For the converse, if $W=V $ then basis of W = basis of V. So $ |$basis of $W|=|$basis of $V|$ and hence dim W =dim V.
Is this enough? Is it right in the first place? Please help.
 A: Your proof of the converse looks fine to me - though I'd probably write it as "if $S$ is a basis for $W$ it is also a basis for $V$, hence the dimension of each equals $|S|$ and are thus equal to each other" since your current wording makes it kind of look like bases are unique, whereas we really are choosing a particular basis and saying something about it.
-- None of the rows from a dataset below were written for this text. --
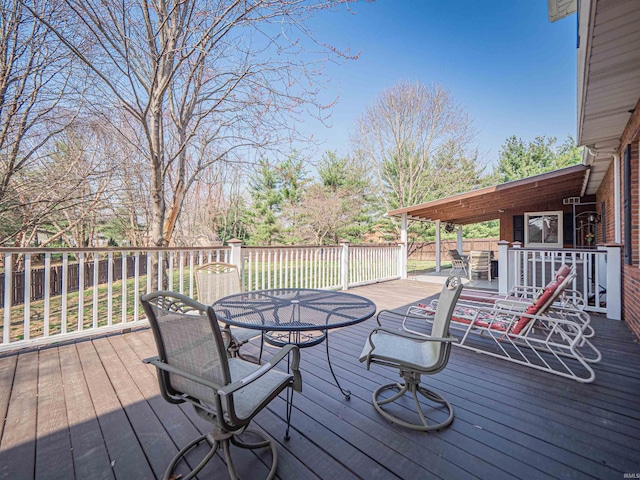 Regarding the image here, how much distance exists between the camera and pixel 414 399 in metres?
1.97

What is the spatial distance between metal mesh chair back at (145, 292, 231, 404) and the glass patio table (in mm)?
488

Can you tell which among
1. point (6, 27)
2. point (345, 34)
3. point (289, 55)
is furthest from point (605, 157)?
point (6, 27)

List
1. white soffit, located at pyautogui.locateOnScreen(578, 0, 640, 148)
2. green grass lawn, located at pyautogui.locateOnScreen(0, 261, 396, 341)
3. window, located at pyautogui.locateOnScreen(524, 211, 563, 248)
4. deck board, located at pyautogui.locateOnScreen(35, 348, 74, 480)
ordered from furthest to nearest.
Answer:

But the spirit of it is correct.
I don't follow your first proof, though. The property that $W\subseteq V$ and that $|\text{basis of $W$}|=|\text{basis of $V$}|$ are both true, but it's not clear what reasoning combines them into $V=W$. What you might be getting at is that any basis $S$ for $W$ would be a linearly independent set in $V$. However, given that $V$ has dimension $|S|=\dim W=\dim V$, it follows that any linearly independent set of size $|S|$ is a basis for $V$. This means that any basis for $W$ is a basis for $V$. Then, it follows that $W$ and $V$ are both described as the span of $S$ (i.e. the set of linear combinations of its elements), and are hence equal.